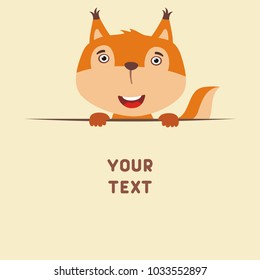 Funny squirrel in cartoon style looks out from behind field for your text. Template for card, invitation or greeting.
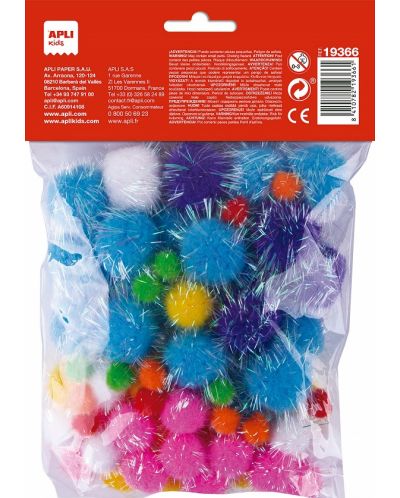 Pompoane colorate strălucitoare Apli Kids - 80 de bucăți - 2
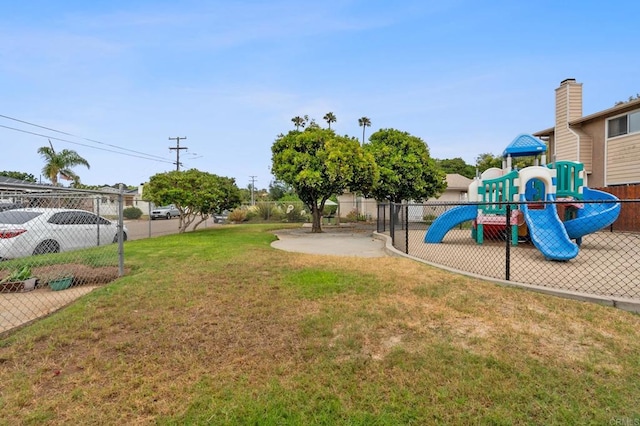 view of playground featuring a yard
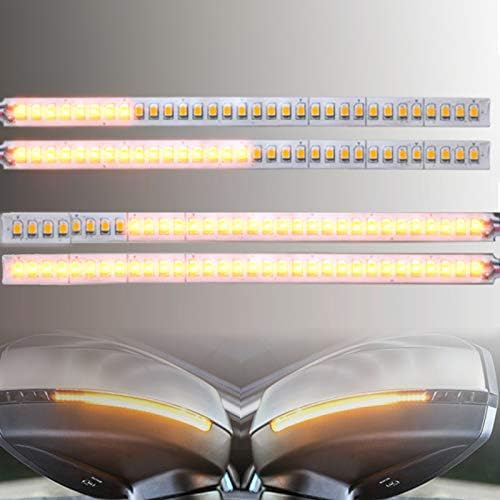 RXC 5.9 инчов Sequential LED Side Мирър Fit for Universal cars or motorcycles with 28LED Turn Signal Светлини Warning Strip Tape Signal Stickers （2Pcs）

::::::::::

Please print everything in the material exactly, apart from the pictures.

 Funny squirrel in cartoon style looks out from behind field for your text. Template for card, invitation or greeting.
 Pompoane colorate strălucitoare Apli Kids - 80 de bucăți - 2
 view of playground featuring a yard
 RXC 5.9 инчов Sequential LED Side Мирър Fit for Universal cars or motorcycles with 28LED Turn Signal Светлини Warning Strip Tape Signal Stickers （2Pcs）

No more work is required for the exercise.